= Exercise brief =
Copy only the lines from the one with "A Silver Yellow Wealthy Buddha Statue." through the end of the records, exactly as they stand. No pictures belong in the copy.

Caption-style text data:
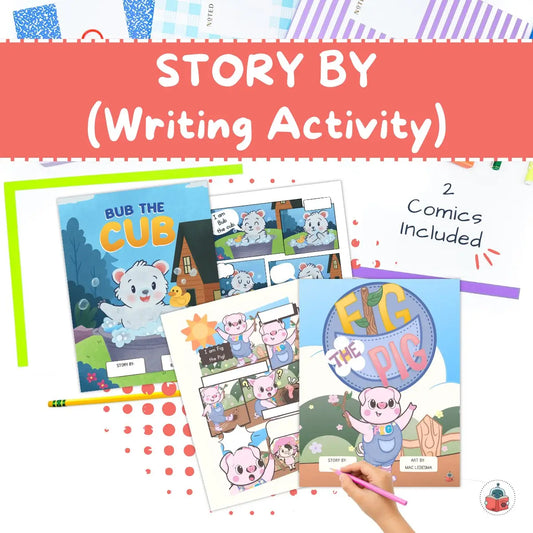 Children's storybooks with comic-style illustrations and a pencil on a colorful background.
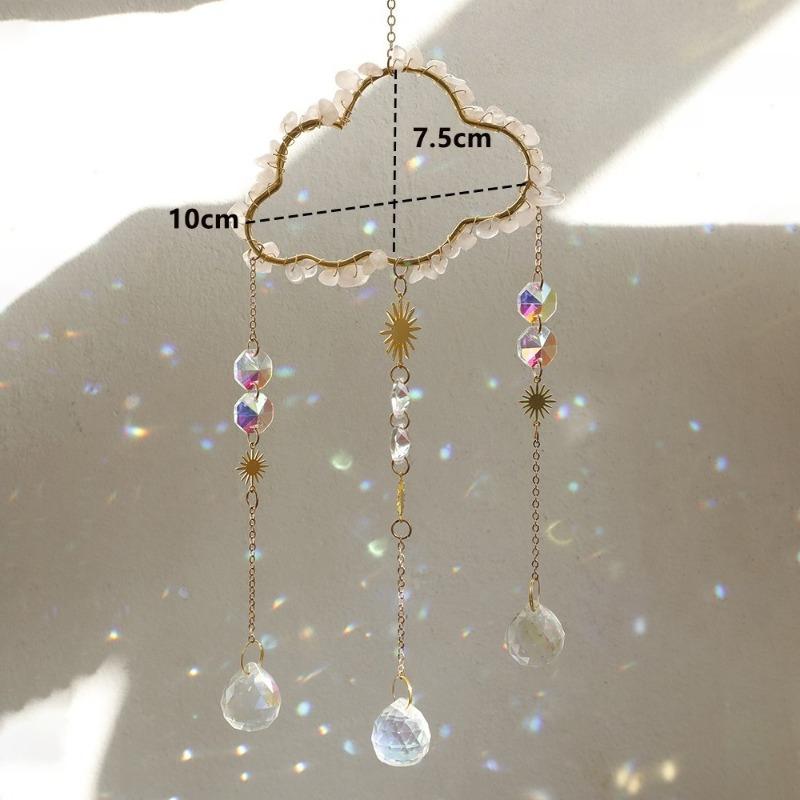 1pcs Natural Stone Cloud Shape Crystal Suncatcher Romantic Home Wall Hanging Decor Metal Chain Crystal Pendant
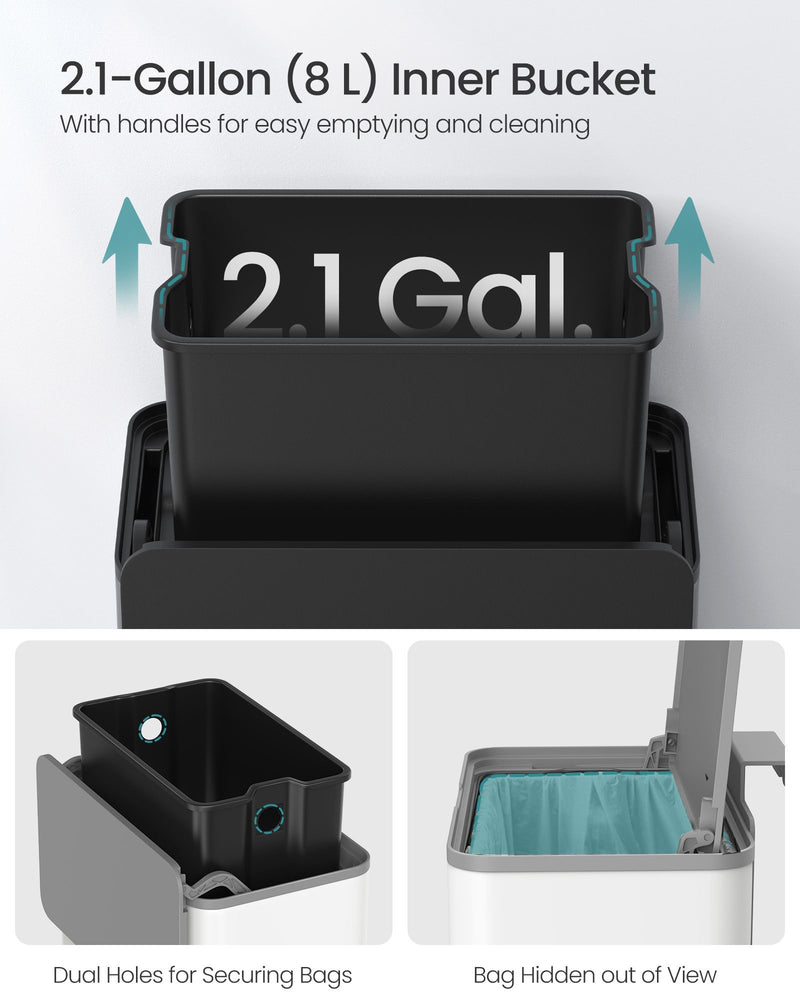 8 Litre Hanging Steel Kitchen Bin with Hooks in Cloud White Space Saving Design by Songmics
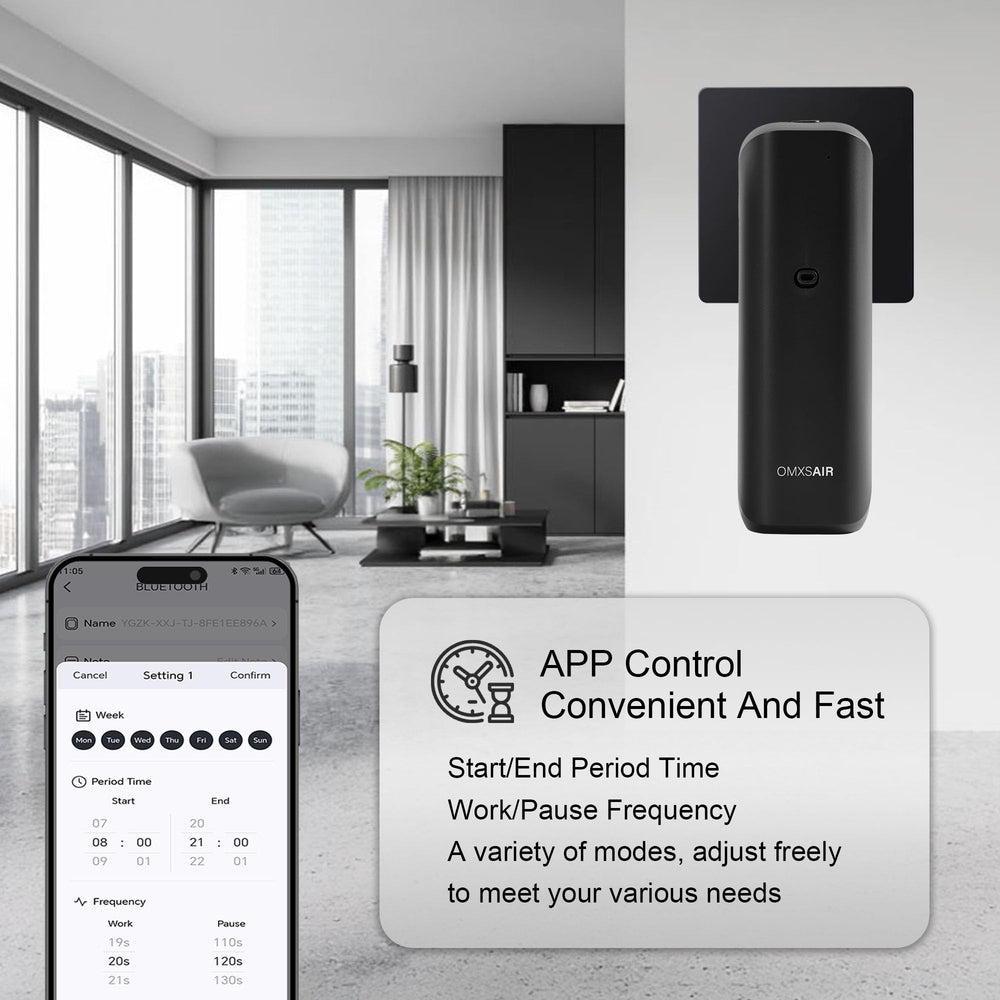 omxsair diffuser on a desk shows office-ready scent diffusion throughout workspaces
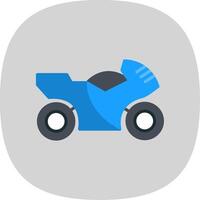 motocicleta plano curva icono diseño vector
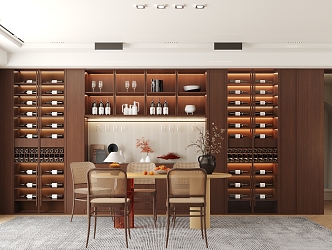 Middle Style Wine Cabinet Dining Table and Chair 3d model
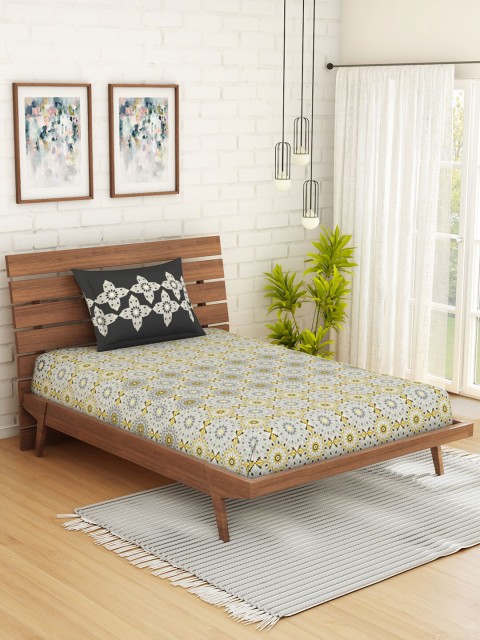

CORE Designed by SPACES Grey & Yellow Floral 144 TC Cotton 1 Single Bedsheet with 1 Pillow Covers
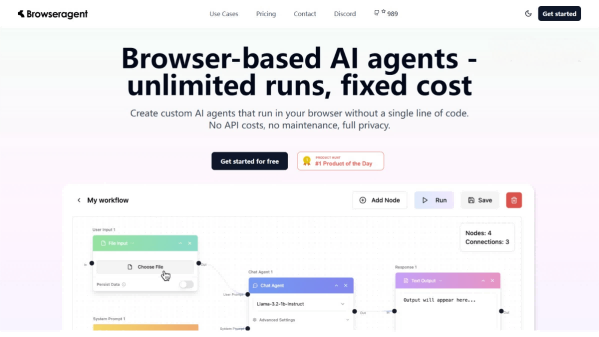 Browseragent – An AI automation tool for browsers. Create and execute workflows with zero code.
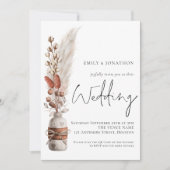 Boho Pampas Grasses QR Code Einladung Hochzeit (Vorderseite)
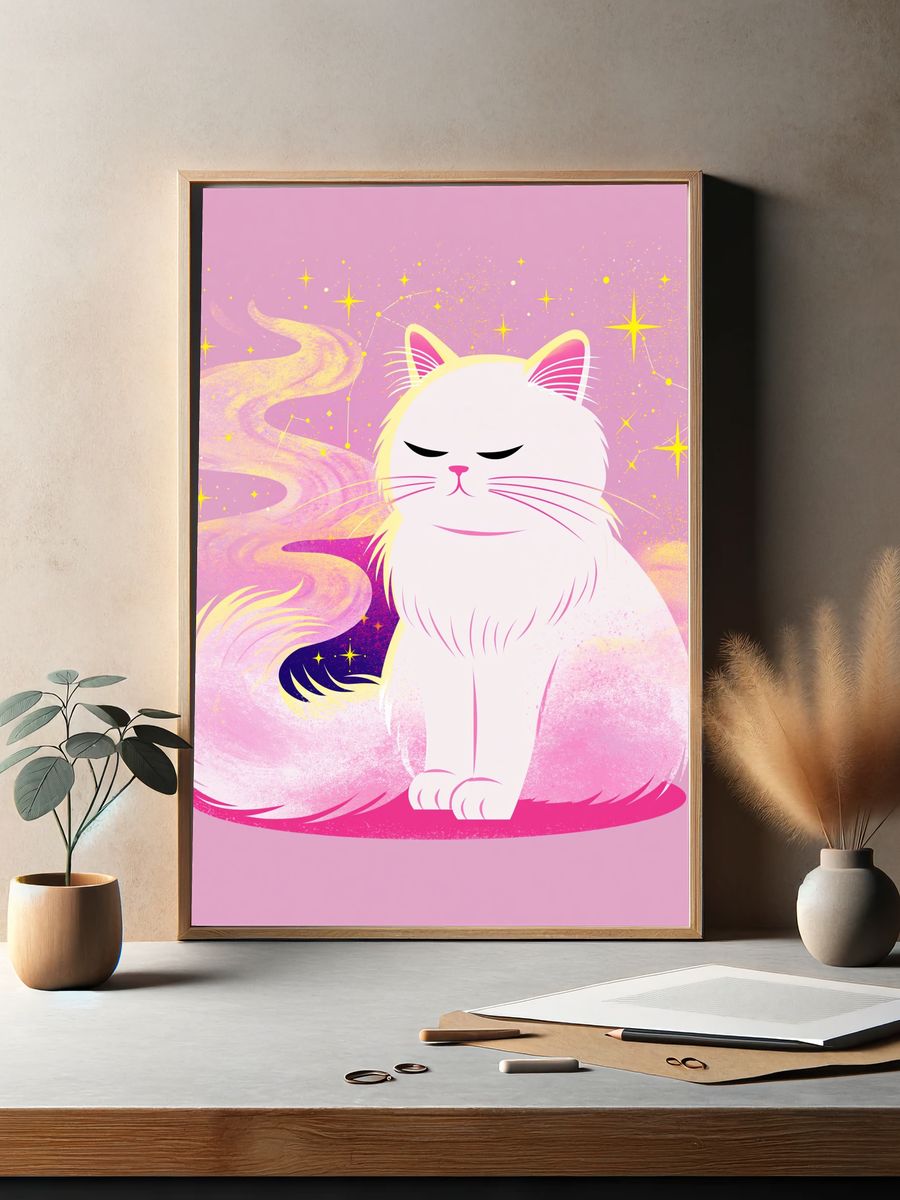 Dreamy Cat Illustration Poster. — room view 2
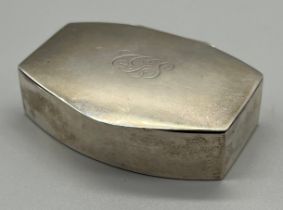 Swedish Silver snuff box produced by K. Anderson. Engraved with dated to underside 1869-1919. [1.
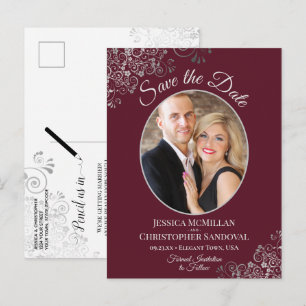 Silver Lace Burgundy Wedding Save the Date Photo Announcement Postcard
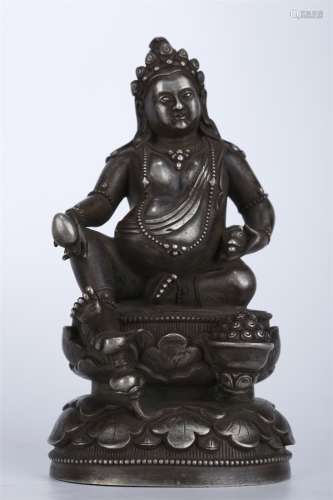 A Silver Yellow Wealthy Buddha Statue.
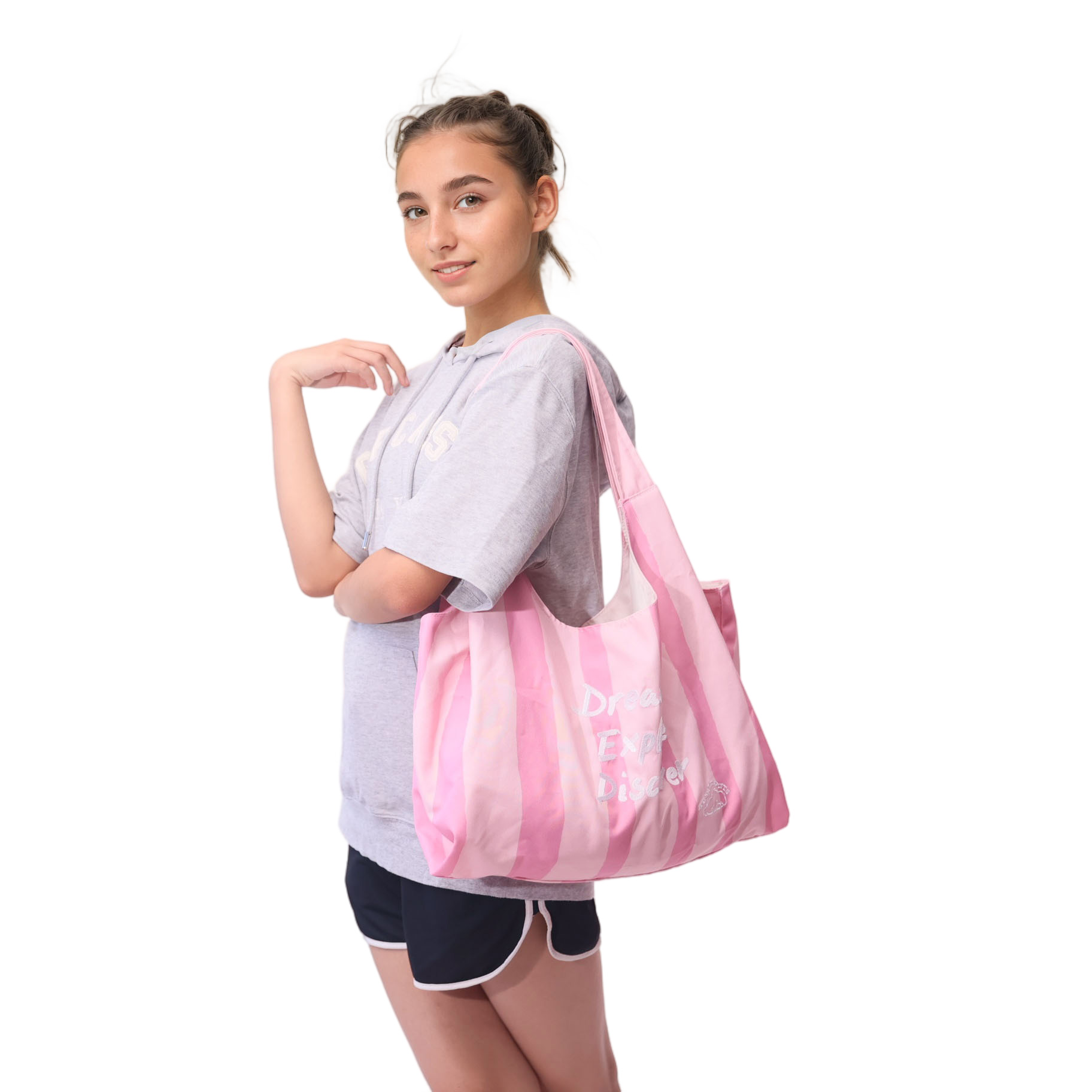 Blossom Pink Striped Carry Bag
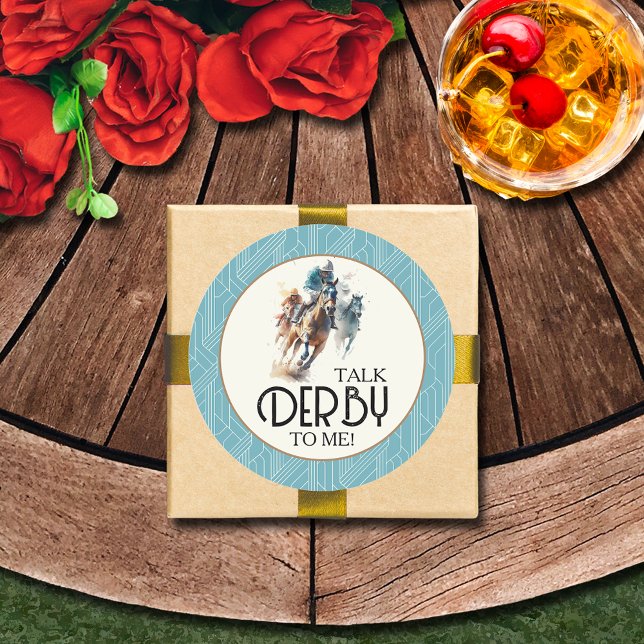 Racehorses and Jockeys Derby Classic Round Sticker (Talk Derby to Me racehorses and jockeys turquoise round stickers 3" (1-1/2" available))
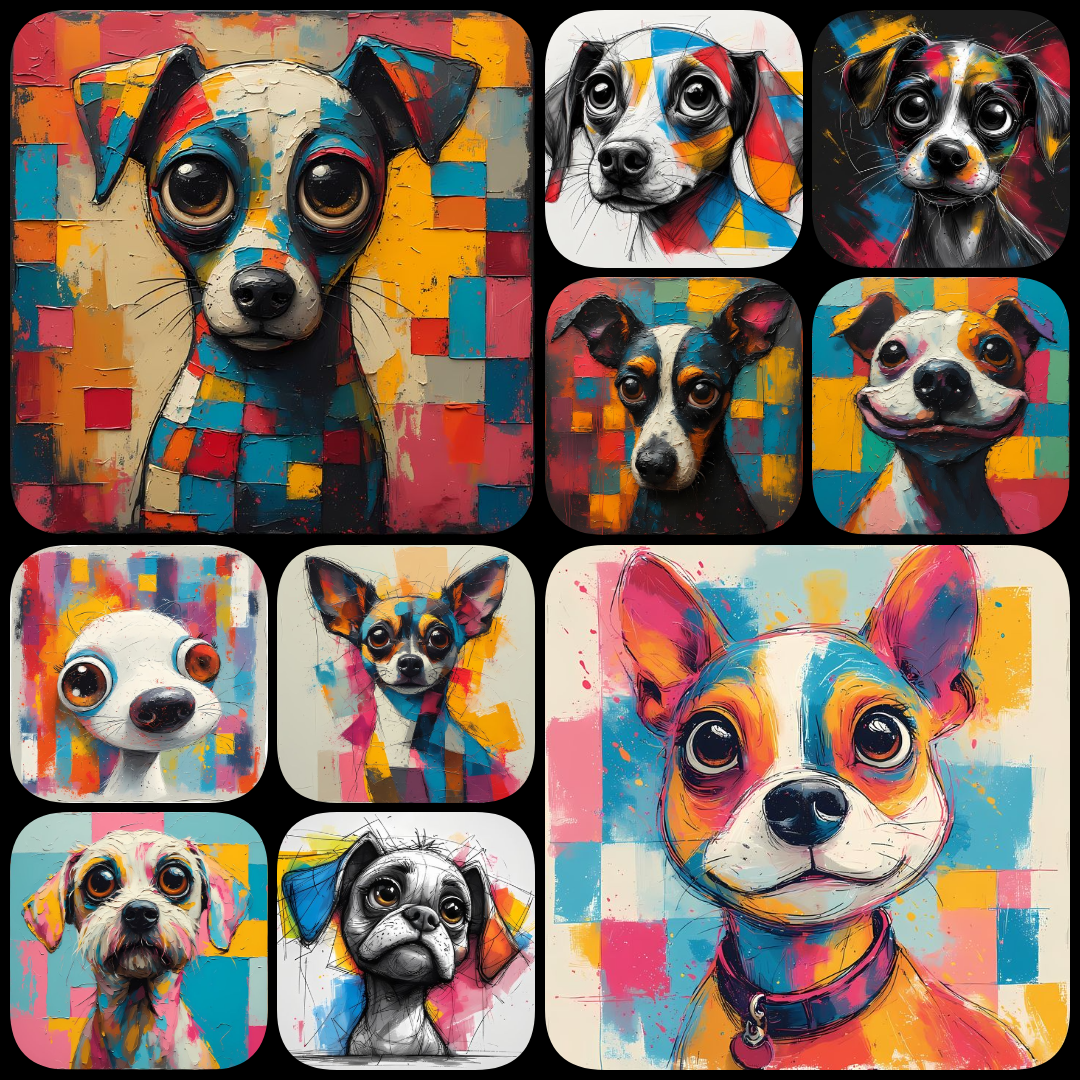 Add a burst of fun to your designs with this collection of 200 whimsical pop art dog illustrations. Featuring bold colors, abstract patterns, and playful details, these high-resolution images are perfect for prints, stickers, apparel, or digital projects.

= Your solution =
 A Silver Yellow Wealthy Buddha Statue.
 Blossom Pink Striped Carry Bag
 Racehorses and Jockeys Derby Classic Round Sticker (Talk Derby to Me racehorses and jockeys turquoise round stickers 3" (1-1/2" available))
 Add a burst of fun to your designs with this collection of 200 whimsical pop art dog illustrations. Featuring bold colors, abstract patterns, and playful details, these high-resolution images are perfect for prints, stickers, apparel, or digital projects.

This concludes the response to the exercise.